Russia is not the only danger. There is the persistent threat of global terror groups. Countries like Iran also pose a serious nuclear, cyber and terrorist danger. But it is China which many experts predict could be an even greater risk. This is not the type of massive military danger Nato faced at its inception but a new type of competition. Today, we are realising the degree to which the Chinese Communist Party is hostile to the West and to our values. And we are watching the situation in Hong Kong with concern. How China responds will say a great deal about the role we can expect Beijing to play in the future.
The only certainty is that Nato must be ready for any threat, from any direction and in any form. We must be ready to defend ourselves in space and cyberspace, as well as on air, land and sea. In the 20th century, we had to defend ourselves from enemy planes, tanks and nuclear warheads. Today the weapons of war could just as easily be biotech or big data, disinformation or drones, algorithms or artificial intelligence. As the world’s premier political-military alliance, Nato is the indispensable answer to these questions.

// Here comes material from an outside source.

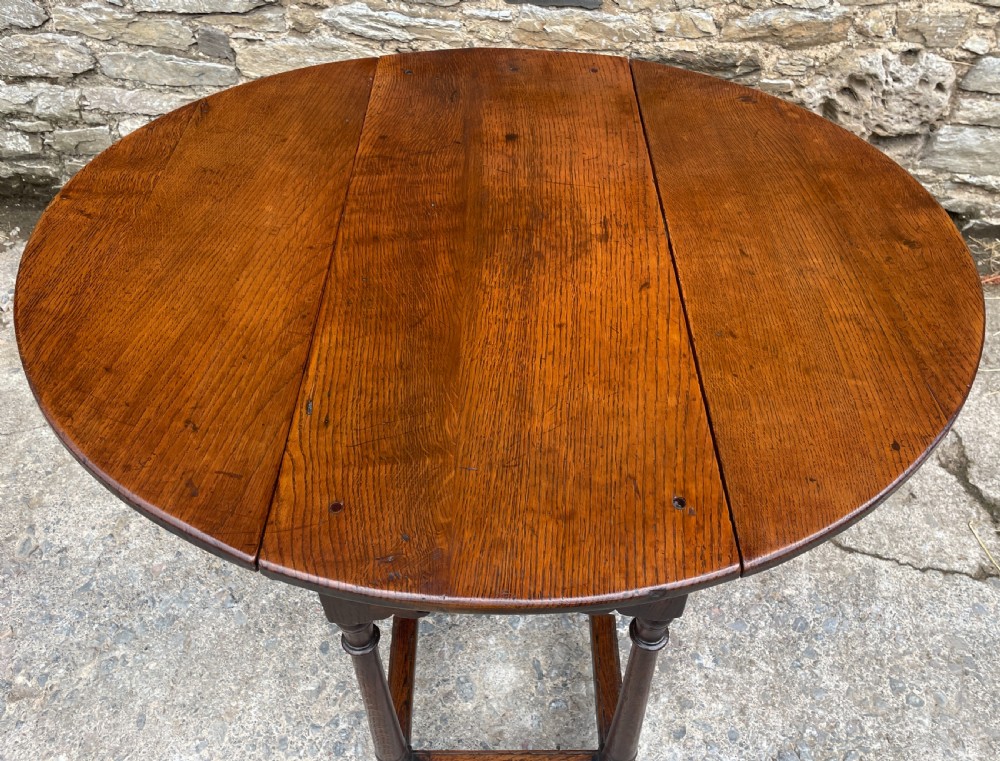 Small 18th Century Oak Gateleg Table View XV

No single country can meet all these challenges alone. Nato countries must band together. The United States believes this today as we believed it in 1949. Our commitment to Nato has never wavered. Today, America accounts for nearly 70 per cent of the total amount Nato members spend on defence. We will defend our allies with everything we have, and hope our Nato allies will step up and share the burden. And we know that Britain will do the same. A founding member of Nato, Britain gave Nato its first ever home. Across the generations, Britain has been instrumental in Nato’s success.
America is counting on British leadership once again. This December, 70 years after the alliance first began, Nato leaders will gather in Britain to plan for the new challenges ahead. The United States will be clear: the threats may have changed since 1949, but the answer hasn’t. Nato remains the foundation of our collective security. Our peace and prosperity depend on it.